This hearty Catalan soup consists of a clear broth cooked with a mixture of seasonal vegetables, large pasta shells, and one main meatball. The traditional way to eat the soup is to start by eating the clear broth on its own, before being served the vegetables and meat on a plate afterwards. At Christmas, the meatball, or pilota, is usually made from a mixture of lamb, pork, beef, and chicken.
This Spanish version of nougat comes in a variety of textures and flavors and is a must at any big meal over the holiday season. Turrón can be either hard and brittle (known as Turrón de Valencia) or soft and chewy (known as Turrón de Jijona), and is made from a mixture of honey, sugar, eggs and nuts such as almonds or pistachios.

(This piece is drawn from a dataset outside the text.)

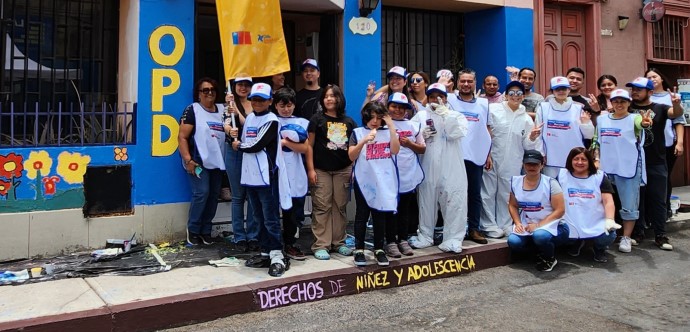 Los Consejeros y consejeras del Consejo Consultivo de Niños, Niñas y Adolescentes se movilizaron para recuperar espacios públicos de su barrio o territorio, en 16 puntos que van desde Arica a Magallanes. En el caso de nuestra región decidieron pintar la fachada de la oficina Protección de Derechos de Infancia de Iquique.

These sweet treats originate from Andalusia and are particularly popular over the holiday season. Mantecados refers to a number of shortbread biscuits that are made using fat from Iberian pigs, of which polverones are a particularly crumbly type. The history behind this tradition is grimly that during the Spanish Inquisition a decree was passed ordering that the sweets be made using only pork fat to detect Muslims and Jews in hiding.
This colorful cake is typically eaten on January 6th to celebrate the Epiphany and is eaten across Spain and certain parts of South America. The circular pastry is filled with cream and then topped with candied fruits and nuts. The tradition calls for a small figure of baby Jesus to be placed inside the cake, and whoever finds it is to be named King or Queen for the day. However a dried fava bean is also placed inside, and whoever finds that must pay for next year’s cake.
While seafood features heavily in the Spanish diet all year round, during the holiday season it’s particularly common to feast on large seafood platters shared with the entire family. Prawns and mussels are the basic givens, while specialities such as the small shellfish tallarinas or the claw-shaped goose barnacle make for special treats. It is also very common to make a rich seafood soup known as Sopa de Marisco, typically made using saffron, which gives it a warm, rich flavor.
There’s no better way to finish a holiday feast but with a bite of turrón, a polverón and a glass of sweet sherry, known as Jerez Dulce. These types of sherry are made from a blend of Moscatell and Pedro Ximenez grapes and range from the slightly sweet and oaky to a nearly syrupy consistency. To be called Jerez, the sherry must be produced within a specific area around the Andalusian town of Jerez de la Frontera, where this fortified wine first originated.